Лидка неожиданно заплакала:
— Ты не понимаешь, как нам тяжело! Маме пенсии не хватает, я одна с детьми. А ты сидишь в трёхкомнатной квартире! Одна!
— Во-первых, квартира двухкомнатная, — спокойно поправила Татьяна. — Во-вторых, я работаю в этой квартире. Здесь мой кабинет, мои клиенты. И в-третьих... Дима никогда бы не одобрил того, что вы делаете.
— Димы нет! — почти выкрикнула Лидка. — Нет его! А мы есть!
— Я тоже есть, — тихо сказала Татьяна. — И у меня есть права. Юридические, человеческие, моральные.
Она проводила Лидку до дверей. Та уходила разъярённая, хлопнув дверью так, что содрогнулись стены.
Обед у родителей вышел тяжёлым. Отец, бывший военный, предлагал радикальные решения: сменить замки, написать заявление в полицию о возможных угрозах, нанять адвоката.
— Чтобы сразу стало понятно — мы не дадим себя в обиду, — говорил он, нарезая хлеб с такой силой, словно разрубал гордиев узел. — И пусть только попробуют что-то выкинуть!
Мама была настроена примирительно:
— Может, стоит поговорить с Зинаидой по-хорошему? Всё-таки столько лет вместе прожили как одна семья. Горе у всех, но зачем же враждовать?
— Мам, они уже наняли юриста, — устало ответила Татьяна. — Какие тут разговоры?
После обеда она поехала на кладбище. Могила Димы утопала в осенних листьях. Татьяна присела на скамейку, долго смотрела на фотографию мужа. Молчала, только изредка смахивая слёзы.
— Что бы ты сделал, Дим? — спросила она наконец. — Как бы ты защитил меня от своей семьи?
Ответа не было. Только ветер шевелил листья.
Дома её ждал сюрприз: в почтовом ящике лежало официальное письмо — приглашение на «семейный совет» от Зинаиды Петровны. Приглашались «все заинтересованные стороны» для «мирного разрешения жилищного вопроса».
Татьяна усмехнулась. Ход, конечно, сильный. Собрать весь семейный клан, чтобы надавить, заставить уступить. Но она уже не та растерянная вдова, какой была неделю назад.
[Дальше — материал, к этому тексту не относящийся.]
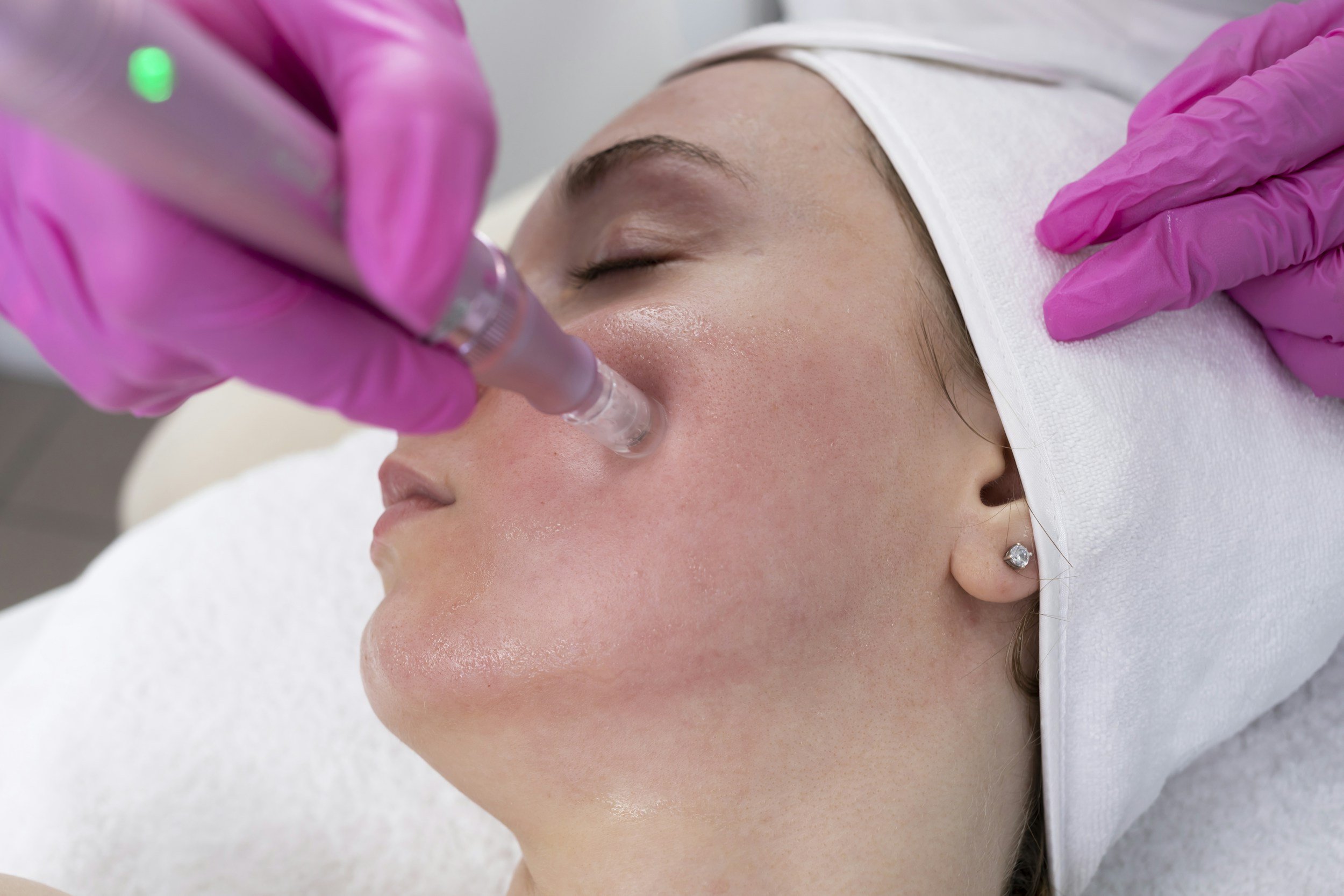 A woman lying down with her eyes closed, receiving a cosmetic treatment with a syringe, wearing a white head covering and pink gloves.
На семейный совет она пригласила свою подругу Веру — юриста с десятилетним стажем. Та только хмыкнула, услышав историю:
— Классика жанра. После смерти мужа пытаются оттяпать имущество у жены. Но при наличии дарственной у них шансов нет.
— Зинаида Петровна говорит, что можно доказать, что я оказывала давление на Диму, — с горечью произнесла Татьяна.
— Пусть докажет, — пожала плечами Вера. — А пока документы на твоей стороне, и закон тоже.
Собрание проходило в квартире свекрови. Пришли все: Лидка с детьми, двоюродные братья Димы с жёнами, даже сестра свекрови из Рязани. Вера, увидев такое собрание, только присвистнула:
— Ого, Тань, да тут целый трибунал собрался!
Зинаида Петровна восседала во главе стола, как судья. Оглядела собравшихся, остановила взгляд на незнакомой Вере:
— А это кто?
— Мой юридический консультант, — спокойно ответила Татьяна. — Вы же пригласили на совет «все заинтересованные стороны».
По лицу свекрови пробежала тень раздражения:
— Я думала, мы по-семейному, без посторонних.
— По-семейному у нас не получилось, — пожала плечами Татьяна. — Как только вы привлекли своего юриста, семейные отношения перешли в юридическую плоскость. Не я это начала, Зинаида Петровна.
— Давайте не будем спорить, — попытался вмешаться один из двоюродных братьев Димы. — Мы все тут, чтобы найти справедливое решение.
— Справедливое — это какое? — спросила Татьяна. — То, которое лишит меня моего дома?
— Не лишит, а... переместит, — нервно рассмеялась Лидка. — К твоим родителям. Там тебе будет лучше.
— А с чего вы решили, что мне там будет лучше?
— Потому что ты здесь одна, — сказала Зинаида Петровна. — У тебя нет детей, нет семьи. А Лидка с малышами ютится в однушке. Это неправильно.
— А правильно — это отобрать у человека его собственность? — подала голос Вера. — Квартира принадлежит Татьяне Николаевне по закону. Дмитрий Александрович подарил ей эту квартиру при жизни, всё оформлено нотариально. Никаких юридических оснований для пересмотра этого решения нет.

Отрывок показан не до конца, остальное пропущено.